Der Dunkle und der Helle Engel [The Dark and the Light Angel], 1946

Der Dunkle und der Helle Engel [The Dark and the Light Angel], 1946. Edgar Ende. Este cuadro hace de portada para el Espejo en el Espejo en la edición de Cátedra.

Momo surge bastante más tarde de haber pintado estos cuadros, en 1973, cuando Michael Ende, continuando con su literatura apta entre 8 a 80 años, nos presenta a una niña que vive en el anfiteatro de las afueras de la ciudad. Nadie sabe de dónde viene, dice tener 102 años, y su apariencia es lo que más extraña a la gente del pueblo, aunque no la rechazan e intentan ayudarla entre todos, aportando lo que pueden.

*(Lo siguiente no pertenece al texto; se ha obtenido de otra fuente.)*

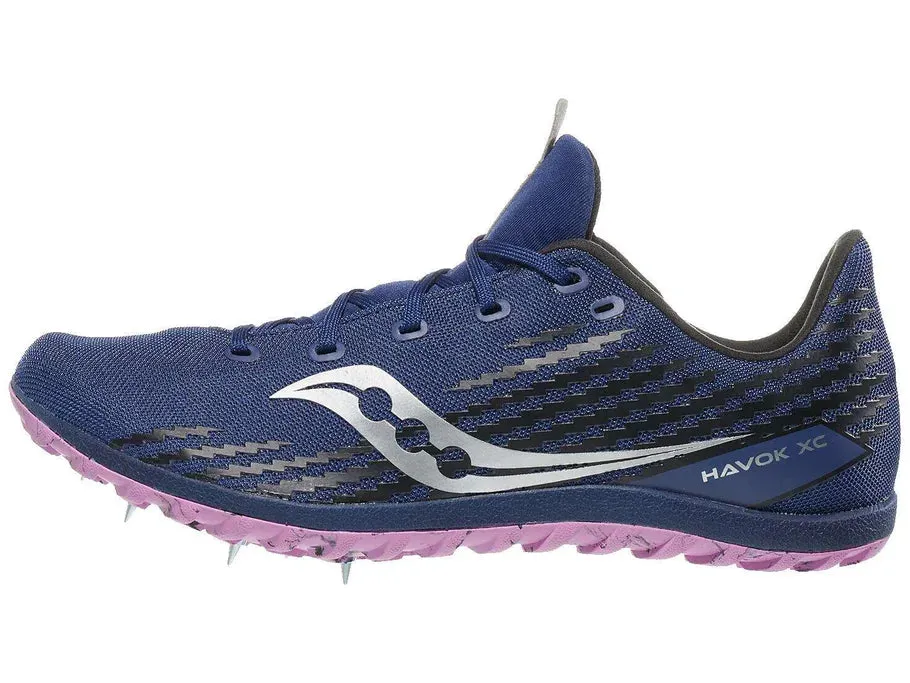 Saucony | Havok XC 3 | Women's | Indigo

El frío que no puede ser evitado ni arrimando la chaqueta que cubría casi todo el cuerpo de Momo es la alarma definitiva que alerta a la niña y sus amigos de los infames negocios que los hombres grises hacen con el tiempo de las personas de la ciudad, convirtiéndolos en seres dedicados a trabajar sin descanso, desprovistos de unos minutos para charlar, leer el periódico o simplemente dedicarse al daydreaming. Ante esta situación, Momo es la única que tiene el tiempo suficiente para salvar a la ciudad de la amenaza que suponen los ladrones de tiempo.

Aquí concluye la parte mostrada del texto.